Ach ja: da du ja türkischer (?) Abstammung bist: es gibt in Polen nicht gerade wenige Fremdenfeinde. Kaum zu vergleichen mit den Holzköpfen aus Freital oder den Freizeitglatzen bei NPD Umzügen. Die Typen da sind Hardliner und verdammt gefährliche Gesellen. Du solltest dich also vielleicht nicht unbedingt in einer ländlicheren Gegend niederlassen. Genau wie in Deutschland wird die politische Gesinnung vom Grad der Dummheit geprägt und auf dem Land fehlt es oft an weiterführenden Bildungseinrichtungen.

Und das Wichtigste: Kurva! Merk dir das Wort. Offiziell bedeutet es so viel wie Schlampe, Fotze, Hure...
Für die Polen ist das aber so etwas wie "und" oder "oder" oder "deswegen" geworden. Als würde ein Deutscher so was sagen wie: "Ich bin gestern Fotze durch die Stadt gefahren Fotze und Fooooootze musste voll fotzenstark Bremsen weil so eine fotzige Fotzenfotze mir vor mein Fotzenauto gefotzt ist, verfotzt noch mal, Fotze!"
Und das ist KEIN Witz. Hör bei Gelegenheit mal kurz nach Feierabend zwei polnischen Handwerkern zu. Ich muss immer grinsen, wenn ich im Supermarkt an irgendeiner Kasse stehe und den Exemplaren begegne.

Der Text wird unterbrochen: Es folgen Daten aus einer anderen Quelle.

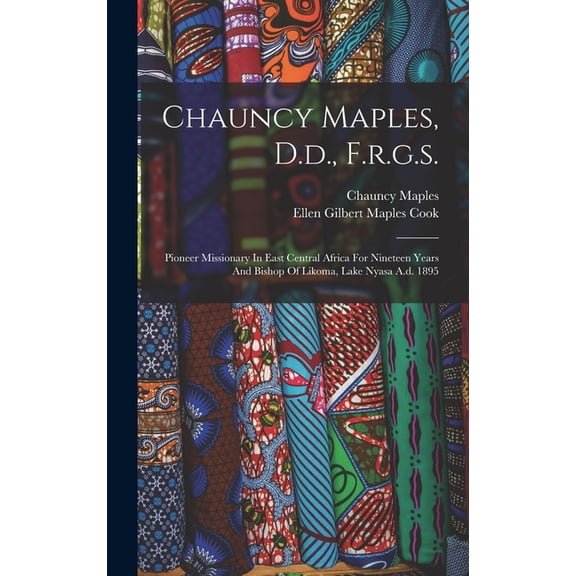 Chauncy Maples, D.d., F.r.g.s.: Pioneer Missionary In East Central Africa For Nineteen Years And Bishop Of Likoma, Lake Nyasa A.d. 1895 (Hardcover)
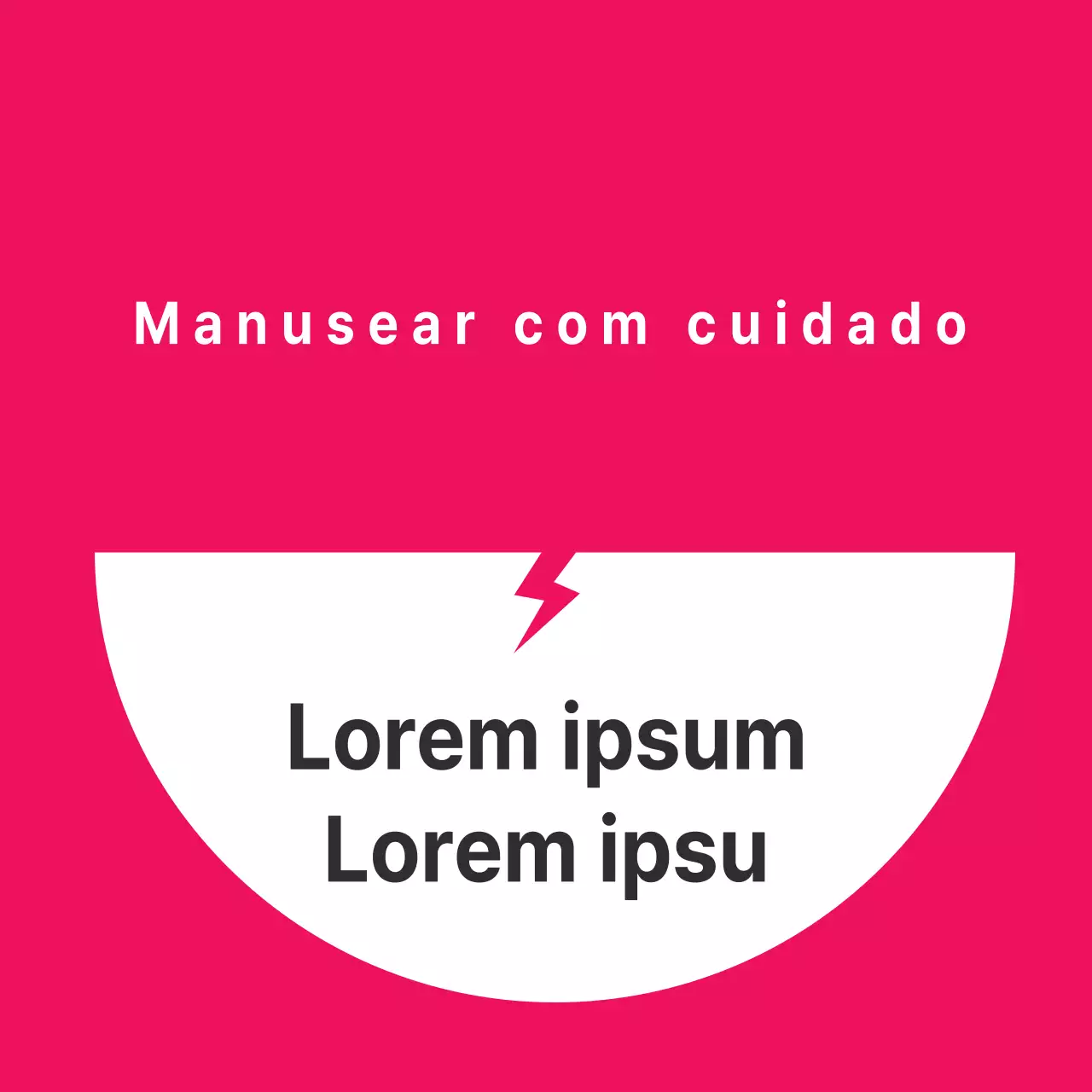 Manusear os produtos com cuidado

Unterm Strich: Polen ist nicht sehr weit entfernt von Deutschland - die Systeme ähneln sich. Die Spuren des Sozialismus' sind hier und da noch nicht verzogen, Extreme jeglicher Art hier sind oft noch extremer dort. Du kannst dort gut leben und gut versorgt sein, solltest aber immer aufpassen, wer dir was genau andrehen möchte, weil die Chancen gut stehen, von jedem 5. über den Tisch gezogen zu werden. Ich war zweimal dort. Fand ich OK. Nicht schäbig, nicht überkriminell, nicht großartig... aber es gibt definitiv Schlimmeres. Arbeiten würde ich dort nicht wollen. Slawische Sprache machen Gehirn bläääärgh.